Assessment of the Shift in the Precipitation-Streamflow Relationship Influenced by Multiyear Drought, Yellow River Basin, China.

Climate change intensification (e.g., long-term drought) dramatically triggers catchment property changes, which introduces larger uncertainties for describing catchment hydrological behavior. In this study, hydrological behavior responses to multiyear drought were explored, and then causes were explained. The hydrological response to multiyear drought was explored using a magnitude of shift (M) in describing the relationship be-tween precipitation (P) and streamflow (Q) in different catchment states, and a novel method, the trigonometric function decomposition method within the Budyko framework (the TFD method), was applied to assess the causes of Q changes.
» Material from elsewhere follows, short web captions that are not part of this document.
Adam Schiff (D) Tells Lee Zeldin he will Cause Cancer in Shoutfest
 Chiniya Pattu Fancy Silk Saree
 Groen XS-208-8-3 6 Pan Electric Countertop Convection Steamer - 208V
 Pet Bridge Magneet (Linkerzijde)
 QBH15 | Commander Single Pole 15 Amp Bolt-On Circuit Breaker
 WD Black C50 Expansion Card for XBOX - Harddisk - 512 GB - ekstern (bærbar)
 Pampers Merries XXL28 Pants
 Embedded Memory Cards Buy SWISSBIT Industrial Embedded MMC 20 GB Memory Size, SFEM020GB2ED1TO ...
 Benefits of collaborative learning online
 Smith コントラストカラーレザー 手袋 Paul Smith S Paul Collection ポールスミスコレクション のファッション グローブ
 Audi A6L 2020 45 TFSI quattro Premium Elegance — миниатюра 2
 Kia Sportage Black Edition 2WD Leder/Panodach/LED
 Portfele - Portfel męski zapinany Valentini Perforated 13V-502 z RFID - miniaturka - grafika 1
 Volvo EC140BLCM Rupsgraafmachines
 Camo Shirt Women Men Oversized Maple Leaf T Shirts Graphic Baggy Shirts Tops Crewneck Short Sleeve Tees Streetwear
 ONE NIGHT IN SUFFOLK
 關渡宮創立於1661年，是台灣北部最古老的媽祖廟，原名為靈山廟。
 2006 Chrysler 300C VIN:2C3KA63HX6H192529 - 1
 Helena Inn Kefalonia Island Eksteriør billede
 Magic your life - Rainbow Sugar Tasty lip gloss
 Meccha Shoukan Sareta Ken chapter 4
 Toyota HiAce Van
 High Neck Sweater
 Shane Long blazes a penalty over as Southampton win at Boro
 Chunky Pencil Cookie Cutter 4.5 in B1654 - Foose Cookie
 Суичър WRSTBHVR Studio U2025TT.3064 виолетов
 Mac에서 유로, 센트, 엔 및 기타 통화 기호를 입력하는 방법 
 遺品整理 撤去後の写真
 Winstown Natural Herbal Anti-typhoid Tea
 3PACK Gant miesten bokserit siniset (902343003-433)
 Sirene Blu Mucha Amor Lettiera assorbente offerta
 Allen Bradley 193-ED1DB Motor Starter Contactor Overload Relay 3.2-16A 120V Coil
Several conclusions can be drawn: (i) multiyear drought mainly caused insignificant and significant upward (p < 0.05) changes in the P-Q relationship among 95.45 % of the studied catchments (p < 0.05); (ii) more server drying, lower leaf area index (LAI) and slope can induce a higher M via multiyear drought. In particular, catchment water storage, indicated by the deep soil layer in the Loess Plateau, can effectively mitigate the Q reduction and resulted in a 77.27 % (17/22) upward shift compared with the expected Q reduction; (iii) an asymmetric effect was caused by a multiyear P deficit, that is, (P-Q)/P increase and catchment property parameter (n) decrease were induced by the increases in ratio between potential evapotranspiration and P (Ep/P), suggesting that the catchment properties can mitigate the Q reduction; and (iv) catchment properties had negative effects on the Q reduction (7.76 mm a-1), and partially offset Q reduction (-21.32 mm a-1) resulted from climate change during the multiyear drought period. All of these results indicated that multiyear drought triggered Q reduction, while catchment behavior in the changeable induction mechanism induced a nonlinear Q response to P reduction, which is important for accurate Q projections and appropriate adaptation strategies for droughts.